Lead AI Infrastructure Engineer (Python/ML )
SphereType: Long-term contract
Location: Remote (overlap with PST)
At Sphere, we partner with global logistics company leveraging AI, Machine Learning, and Data Engineering to optimize warehouse operations, predictive maintenance, and route planning.
Role: Build and maintain scalable AI infrastructure, enabling teams to run ML experiments, deploy machine learning models, and implement MLOps pipelines for production-grade AI.
Responsibilities
* Design distributed training pipelines for large-scale machine learning and deep learning models.
* Optimize compute and storage resources for cloud-based AI/ML workloads on AWS, GCP, or Azure.
* Collaborate with data scientists and ML engineers to deploy models in production efficiently.

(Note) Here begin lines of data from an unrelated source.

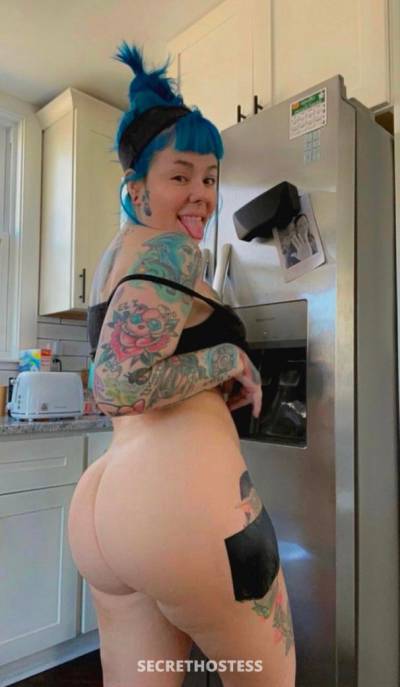25 year old Escort in Des Moines IA Am available all day and nights incall/outcall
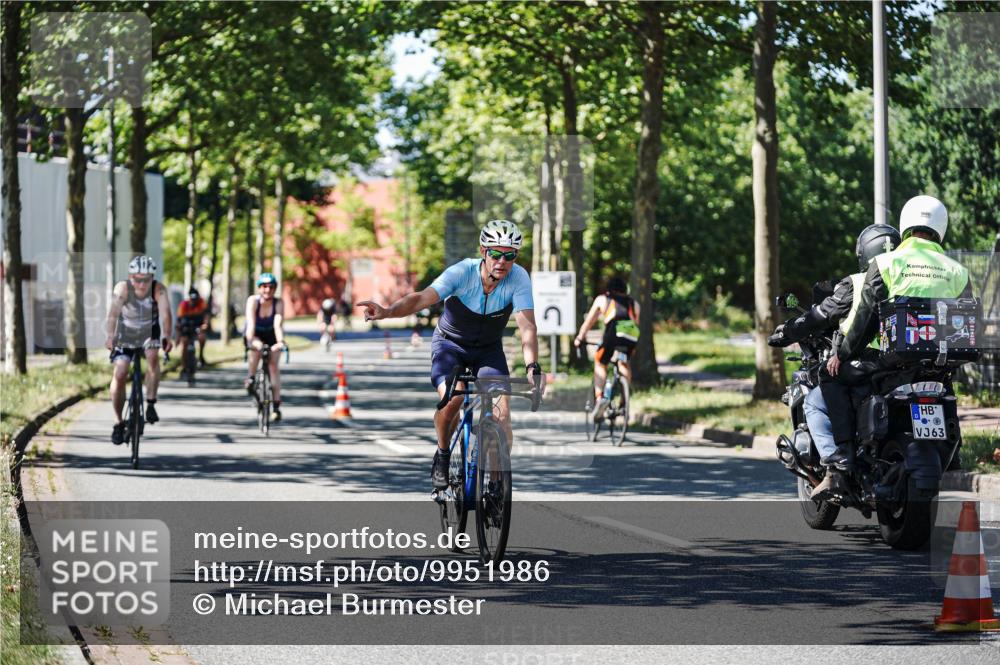 09.08.2026 - GEWOBA Citytriathlon Bremen Michael Burmester http://msf.ph/oto/9951986 09.08.2026 14:23:27 Radfahren 31, 318, 375, 379, 424, 426, 441, 463, 467 meine-sportfotos.de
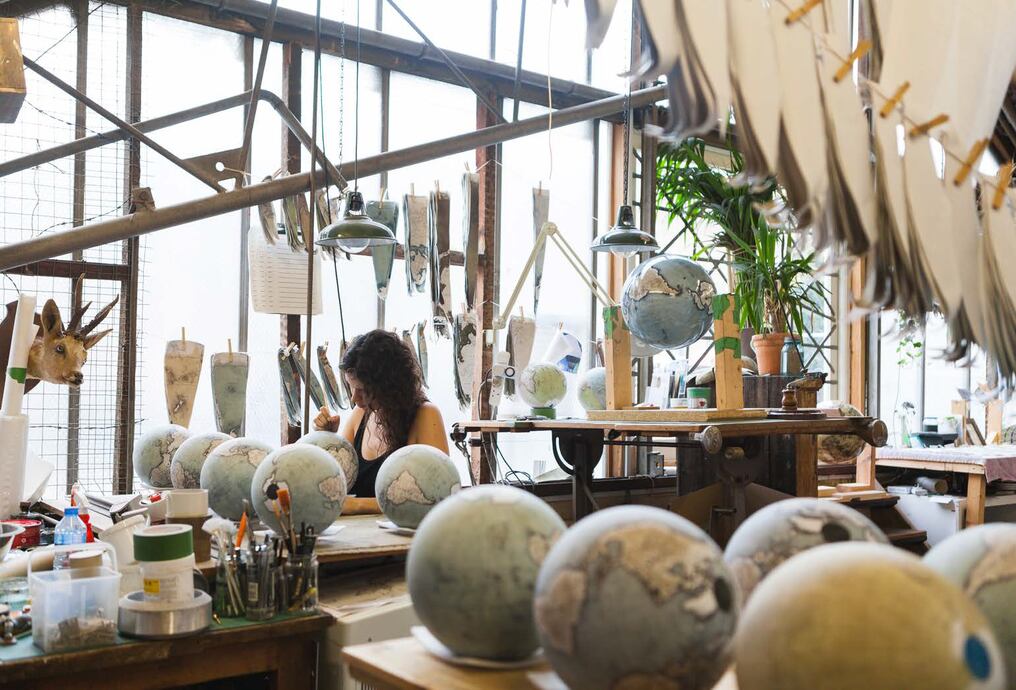 Solamente existen dos estudios en el mundo que dan vida al planeta tierra con sus propias manos. Sus globos terráqueos son piezas de arte hechas a medida, que se cortan, pegan, tallan y pintan a mano. Conocelos. Foto: Bellerby Globemakers.
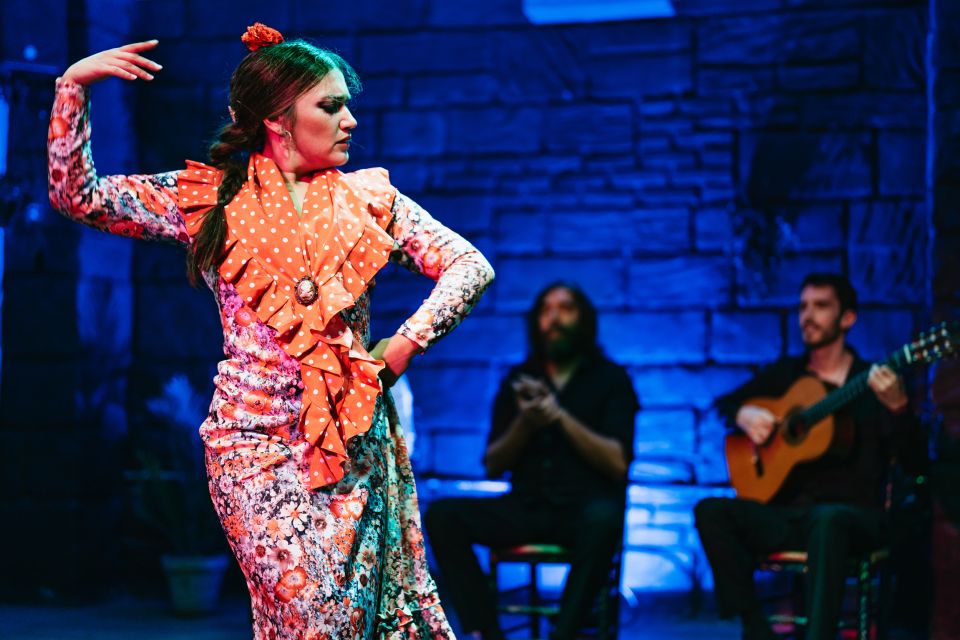 Seville: Baraka Sala Flamenca Show with Drink in Triana - Language, Rules, and Comfort: Knowing What to Expect Before You Sit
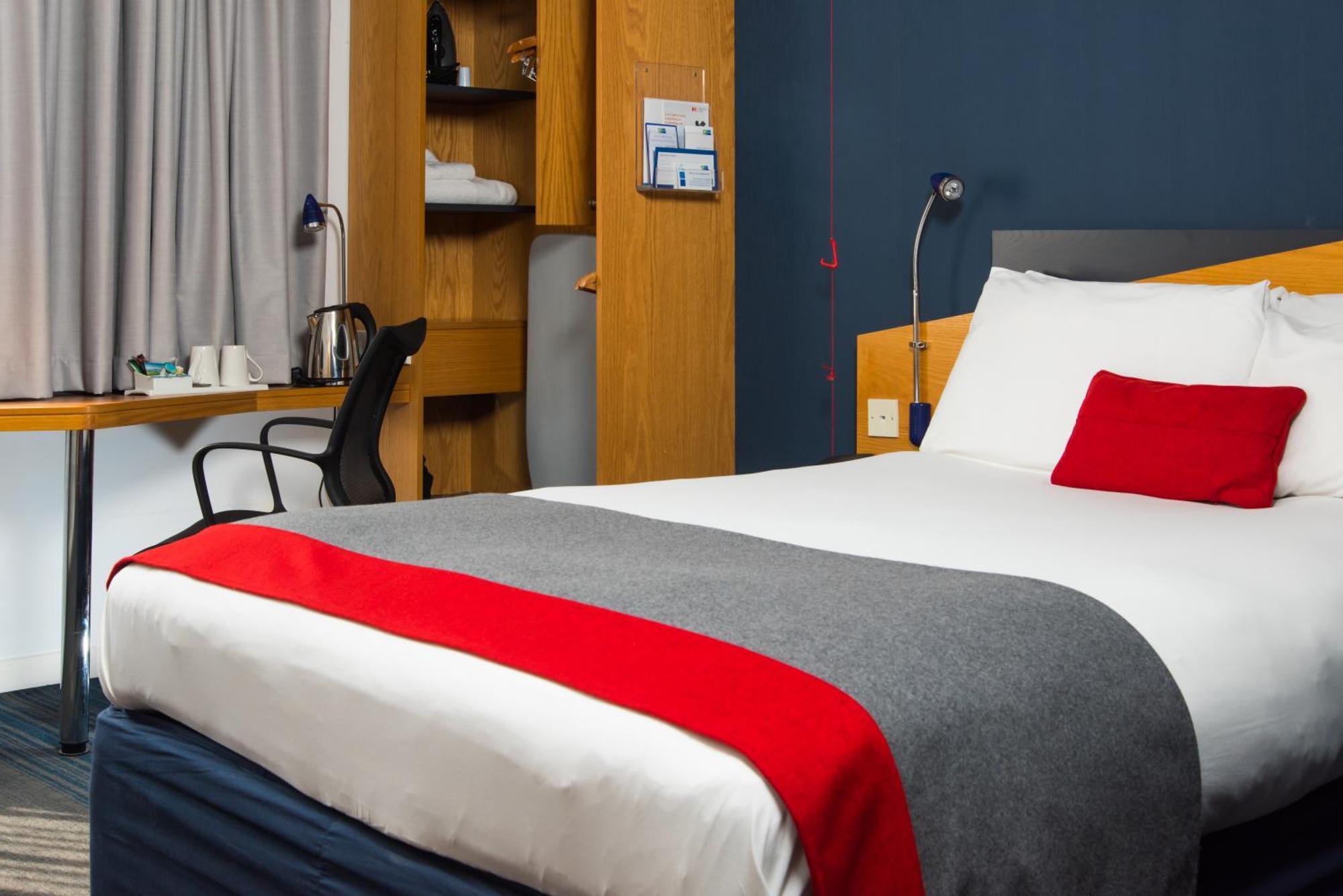 Holiday Inn Express Derby Pride Park By Ihg Eksteriør billede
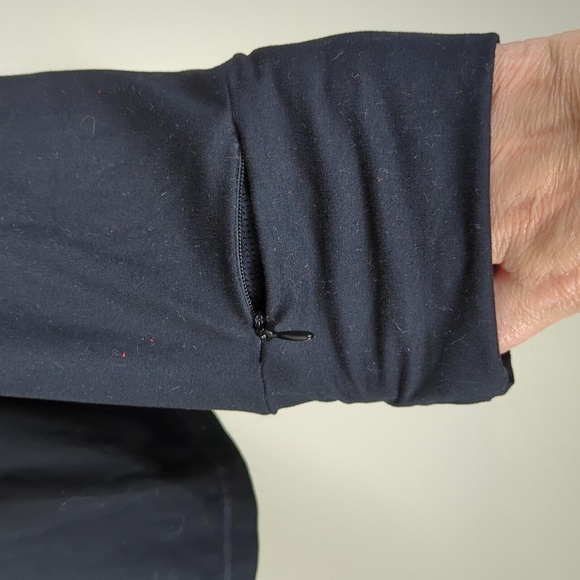 Fabletics Hooded Top - Picture 5 of 7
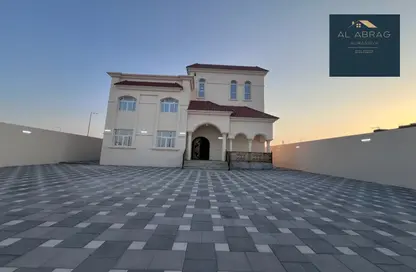 شقة - 2 غرف نوم - 2 حمامات للايجار في مدينة الرياض - أبوظبي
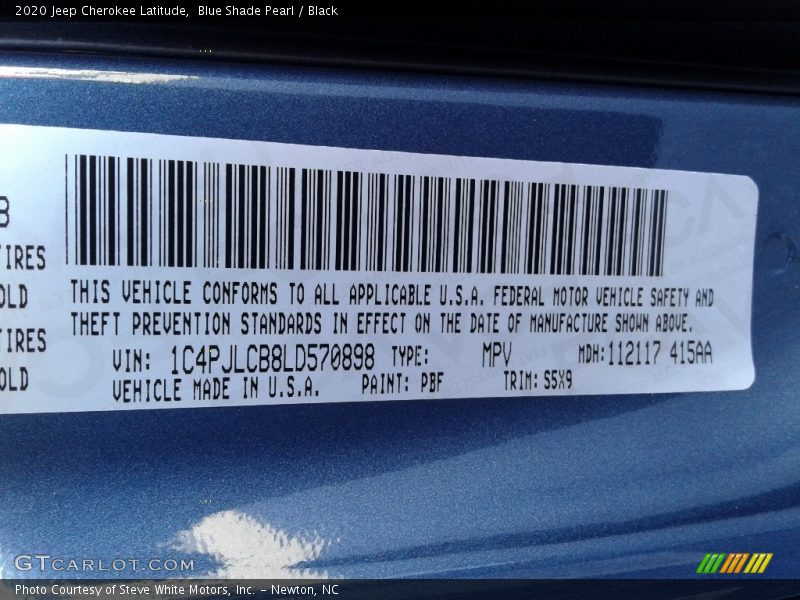 Blue Shade Pearl / Black 2020 Jeep Cherokee Latitude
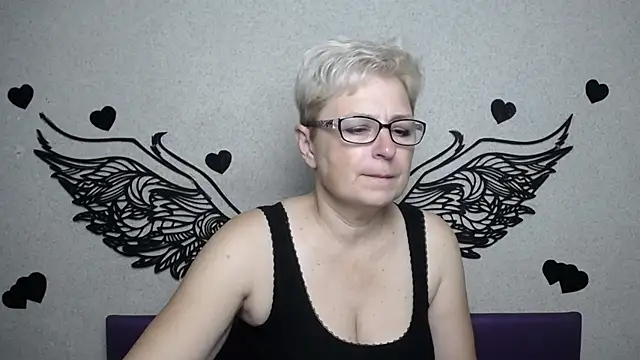 EmiliaGree online show from September 16, 5:14 pm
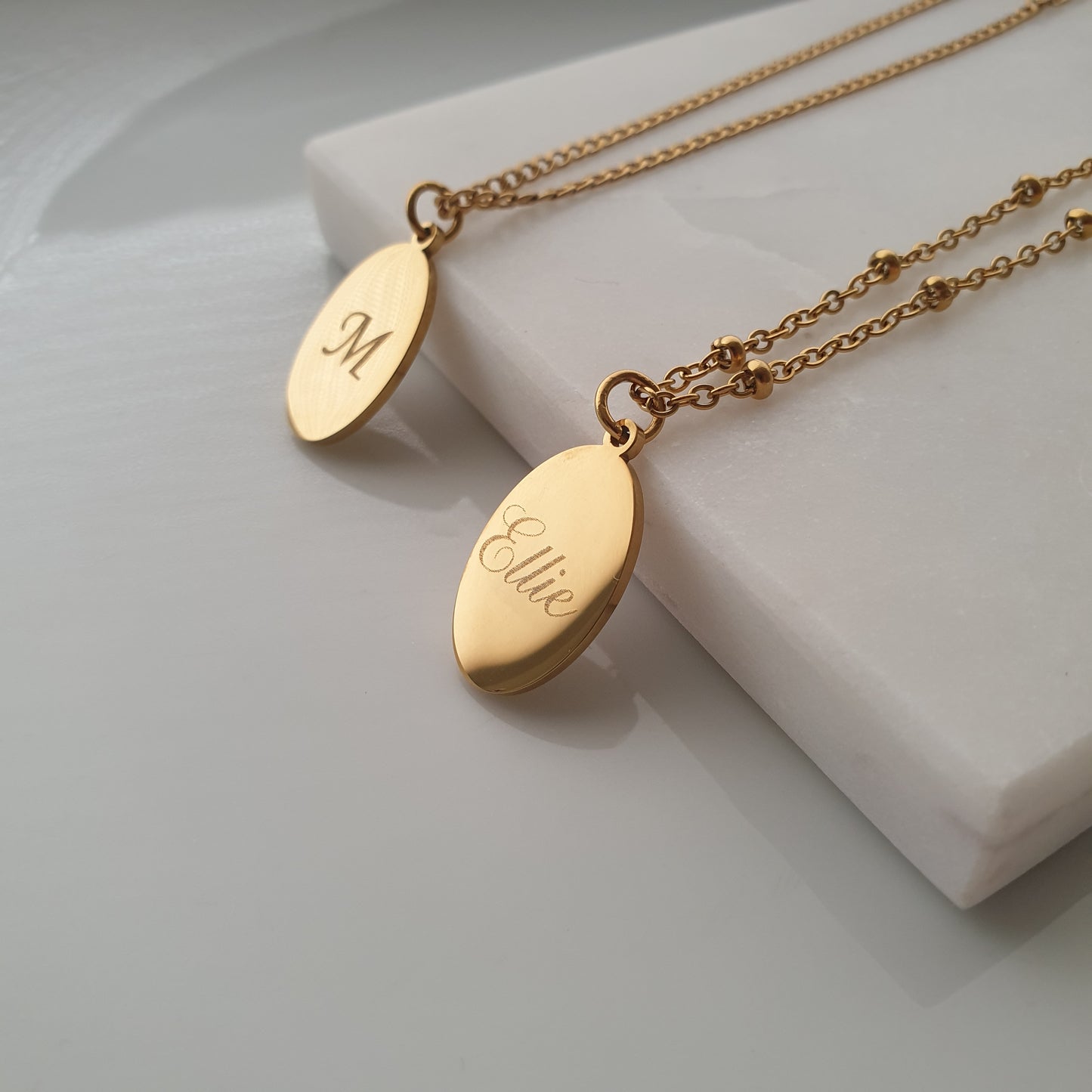 Ellie Oval Engravable Pendant Necklace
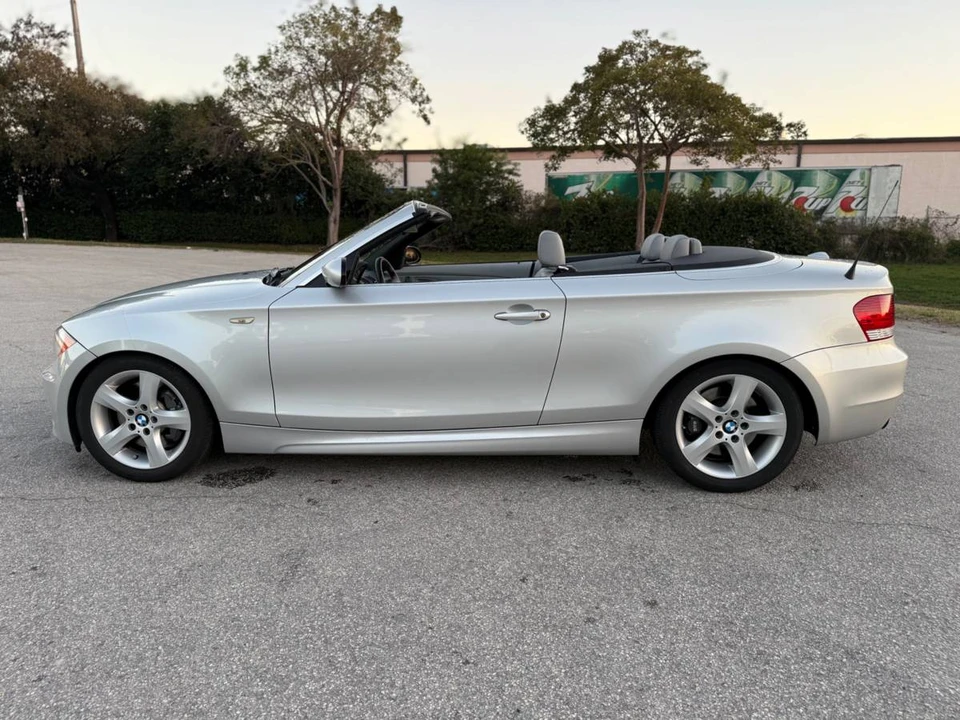 2009 BMW E82 135i & 135is - Image 2 of 16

* Implement monitoring, logging, and alerting for model performance and AI workflows.
* Ensure scalable, maintainable, and reliable AI infrastructure to support real-time and batch ML applications.
Requirements
* 5+ years in Python and ML infrastructure.
* Experience in cloud AI platforms (AWS Sagemaker, GCP AI Platform, Azure ML).
* Experience with containerization (Docker), orchestration (Kubernetes), and CI/CD for ML.
* Experience with distributed systems, data pipelines, and high-performance computing for AI.
* Hands-on with deep learning frameworks like TensorFlow or PyTorch.